Thread: Need C++ range code library

  1. #1
    Member
    Join Date
    Aug 2015
    Location
    Nice
    Posts
    3
    Thanks
    0
    Thanked 0 Times in 0 Posts

    Need C++ range code library

    Where can I find a good C++ implementation of a binary range coder? What I need basically, is some API that I can use to encode a stream of bits with varying probabilities. For example, let RC be an instance of a range coder, I would like to have something like this:

    RC->encode(probability0, probability1, bit)
    RC->encode(probability0, probability1, bit)
    ...
    RC->getEncodedStream()

    Unfortunately I haven't been able to to find one. If there isn't one for C++, can you please suggest a good one in any other language?
    Thank you

  2. #2
    Member
    Join Date
    Mar 2013
    Location
    Worldwide
    Posts
    565
    Thanks
    67
    Thanked 199 Times in 147 Posts
    You may look for example at rc_* or fpaq0* . fpaq_sh tested in Entropy Coder Benchmark

    See also the references mentioned or Simple binary range coder
    Edit: unfortunately the link "http://nishi.dreamhosters.com/u/" is no more accessible
    Last edited by dnd; 7th September 2015 at 21:41.

  3. #3
    Member
    Join Date
    Nov 2013
    Location
    Kraków, Poland
    Posts
    803
    Thanks
    244
    Thanked 255 Times in 159 Posts
    Daala has interesting: large alphabet multiplication-free(!) range coder (entenc, entdec):
    https://github.com/xiph/daala/tree/master/src

  4. #4
    Expert
    Matt Mahoney's Avatar
    Join Date
    May 2008
    Location
    Melbourne, Florida, USA
    Posts
    3,257
    Thanks
    307
    Thanked 797 Times in 489 Posts
    You can use class Encoder and Decoder from libzpaq. They are public domain. The end of the compressed stream is marked by 4 consecutive 0 bytes, which can never appear elsewhere.

  5. #5
    Member
    Join Date
    Aug 2015
    Location
    Nice
    Posts
    3
    Thanks
    0
    Thanked 0 Times in 0 Posts
    Quote Originally Posted by Matt Mahoney View Post
    The end of the compressed stream is marked by 4 consecutive 0 bytes, which can never appear elsewhere.
    How does the encoder make sure that it never outputs 4 consecutive 0 bytes?

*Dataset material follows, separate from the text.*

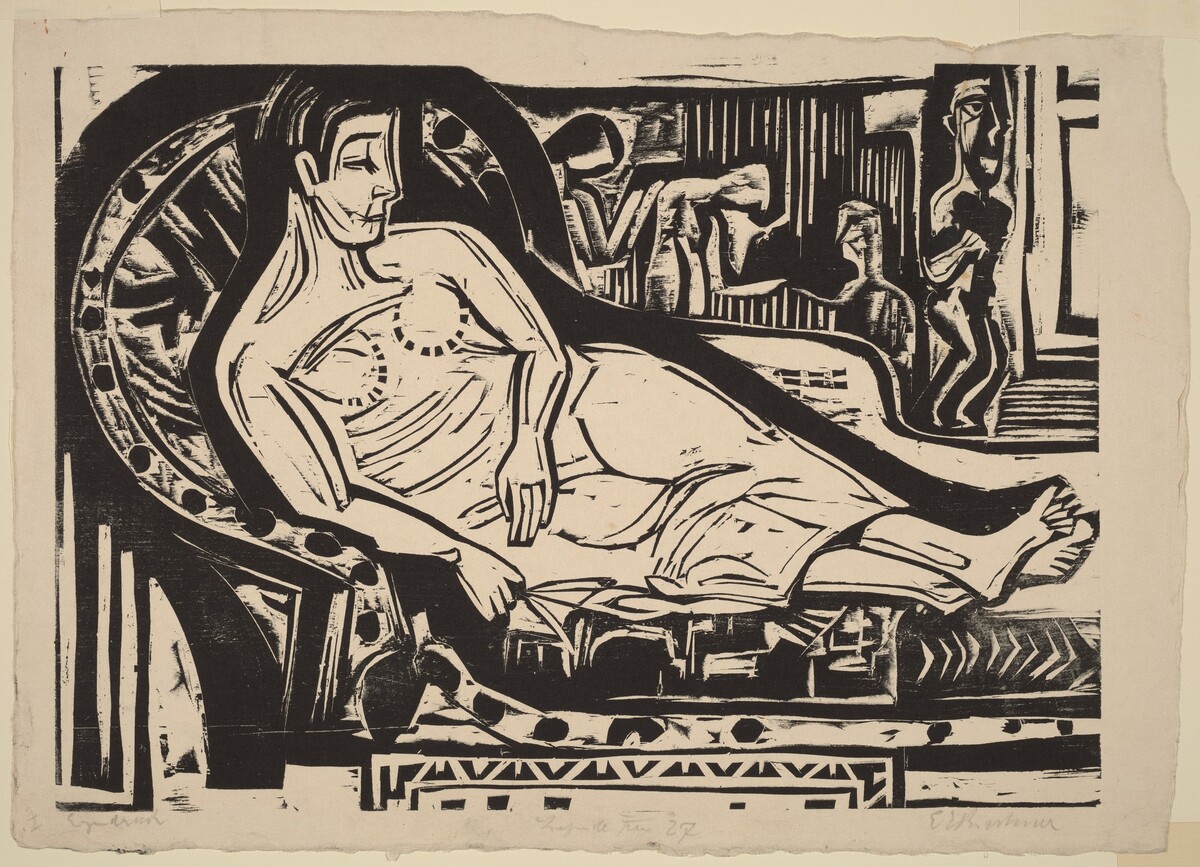 Woman Lying on a Sofa by Ernst Ludwig Kirchner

Do you add an additional 1 bit after 31 consecutive 0s?

  6. #6
    Member
    Join Date
    Jan 2014
    Location
    Bothell, Washington, USA
    Posts
    695
    Thanks
    153
    Thanked 183 Times in 108 Posts
    Quote Originally Posted by coyote View Post
    How does the encoder make sure that it never outputs 4 consecutive 0 bytes? Do you add an additional 1 bit after 31 consecutive 0s?
    Matt could probably answer this best, but it appears the encoder and decoder check for a low value of 0 after shifting encoded bytes and add one to the low value when it is zero.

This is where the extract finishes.